ダンボール箱にその猫の体をいれてやった。
がっくりしている自分をみて隣人がいった。
「・・どうしようもないよ、このへんは捨て猫多いから・・そういうことはたまにある・・そうやって手厚く葬っているんだから、猫はたぶん恨まないよ」
そうかな?たぶん違うだろう。
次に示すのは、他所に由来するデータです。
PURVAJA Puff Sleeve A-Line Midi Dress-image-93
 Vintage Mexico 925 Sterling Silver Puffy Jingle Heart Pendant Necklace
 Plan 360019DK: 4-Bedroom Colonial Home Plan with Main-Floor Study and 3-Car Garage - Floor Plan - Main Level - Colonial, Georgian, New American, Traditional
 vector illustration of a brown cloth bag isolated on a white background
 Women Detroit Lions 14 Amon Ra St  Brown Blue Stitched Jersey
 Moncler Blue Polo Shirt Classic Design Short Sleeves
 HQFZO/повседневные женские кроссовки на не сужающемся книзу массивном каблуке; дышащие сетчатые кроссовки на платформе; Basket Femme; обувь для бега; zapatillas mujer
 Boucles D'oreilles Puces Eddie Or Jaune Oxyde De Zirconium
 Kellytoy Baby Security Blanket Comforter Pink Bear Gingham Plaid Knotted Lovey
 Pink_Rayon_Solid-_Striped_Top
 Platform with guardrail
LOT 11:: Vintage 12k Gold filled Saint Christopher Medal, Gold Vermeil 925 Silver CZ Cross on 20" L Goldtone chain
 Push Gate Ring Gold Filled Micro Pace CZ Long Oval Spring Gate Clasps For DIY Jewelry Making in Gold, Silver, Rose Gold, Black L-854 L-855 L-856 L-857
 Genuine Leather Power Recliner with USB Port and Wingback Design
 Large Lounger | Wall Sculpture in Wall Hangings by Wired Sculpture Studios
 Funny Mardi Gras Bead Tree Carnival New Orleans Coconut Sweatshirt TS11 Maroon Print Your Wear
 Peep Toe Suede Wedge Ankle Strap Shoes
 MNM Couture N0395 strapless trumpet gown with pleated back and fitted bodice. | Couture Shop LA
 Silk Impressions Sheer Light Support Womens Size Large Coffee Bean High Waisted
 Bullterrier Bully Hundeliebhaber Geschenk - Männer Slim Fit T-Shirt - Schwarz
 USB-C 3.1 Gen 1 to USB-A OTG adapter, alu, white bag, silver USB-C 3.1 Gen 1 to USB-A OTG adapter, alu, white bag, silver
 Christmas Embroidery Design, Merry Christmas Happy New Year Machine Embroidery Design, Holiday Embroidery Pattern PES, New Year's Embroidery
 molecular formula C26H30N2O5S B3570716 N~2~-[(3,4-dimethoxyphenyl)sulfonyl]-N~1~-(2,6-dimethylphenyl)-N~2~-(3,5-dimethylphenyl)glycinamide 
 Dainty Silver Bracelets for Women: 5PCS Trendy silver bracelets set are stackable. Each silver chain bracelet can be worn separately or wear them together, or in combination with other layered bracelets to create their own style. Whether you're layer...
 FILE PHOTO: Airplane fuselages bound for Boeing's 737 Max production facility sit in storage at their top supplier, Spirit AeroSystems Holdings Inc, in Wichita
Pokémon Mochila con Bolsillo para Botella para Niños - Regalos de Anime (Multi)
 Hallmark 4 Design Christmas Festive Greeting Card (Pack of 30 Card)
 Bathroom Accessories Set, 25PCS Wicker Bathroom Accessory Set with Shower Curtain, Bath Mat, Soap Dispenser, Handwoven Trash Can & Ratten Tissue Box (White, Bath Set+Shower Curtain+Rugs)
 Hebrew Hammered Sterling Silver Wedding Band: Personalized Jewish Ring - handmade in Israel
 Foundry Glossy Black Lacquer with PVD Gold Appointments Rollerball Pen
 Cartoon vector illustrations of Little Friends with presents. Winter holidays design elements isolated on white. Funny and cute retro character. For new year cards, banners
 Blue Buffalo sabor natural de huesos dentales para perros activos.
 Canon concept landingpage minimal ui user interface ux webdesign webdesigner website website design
自分は隣人の言葉を背中で受けながら思った。
猫は見たところ1−2ヶ月のまだおさない猫だった。
自分が猫だったらこう思う。
「・・どうして自分を捨てたんだ?しかもこんな都会に?こんな雨の降る中、どこで雨をしのげというんだ?腹がへって、ぬれて、寒い気持ちがお前らにわかるか?俺はそれでも耐えていたのに、お前達が作った鉄の乗り物で最後まで苦しみながら死んだんだ」
自分はたぶん一生この猫のことで苦しむだろう。
しかし、この猫を捨てた人物も、どこかにいる。
その人物は今どうしているだろうか。
猫を捨てた当日は罪悪感に苛まれているかもしれないが
2−3日たって、ジュースを飲みながら、映画を観ているころには、この猫のことなど頭から離れているに違いない。
自分はその人物にいいたい。
「お前の代わりに俺はこの猫を殺したんだ」
捨て猫で幸せに寿命をまっとうする猫などほとんどいない。
このへんでいえば、車にひかれるか、カラスの餌になるかが関の山だ
捨てた奴、きけ、俺はお前の代わりに猫を殺してやったんだ
猫を殺した俺はとうぜん幸せな死に方はしないだろうが、お前もまた幸せな死に方はすまい。
来世こそお前は猫になり、車にひかれてみるがいい。
自分は猫を近くの土手で埋め葬ると、猫が死んだ場所に花をそえた。
こんなことぐらいで天国へあの猫が行けるわけはないが、恨むなら恨んでよい。
せめて自分が言えることは、次の世で猫に生まれ、飢え、震え、そして車にひかれても、決して恨むまい。
雨の降りしきる中、自分は花に向かってそう念じた。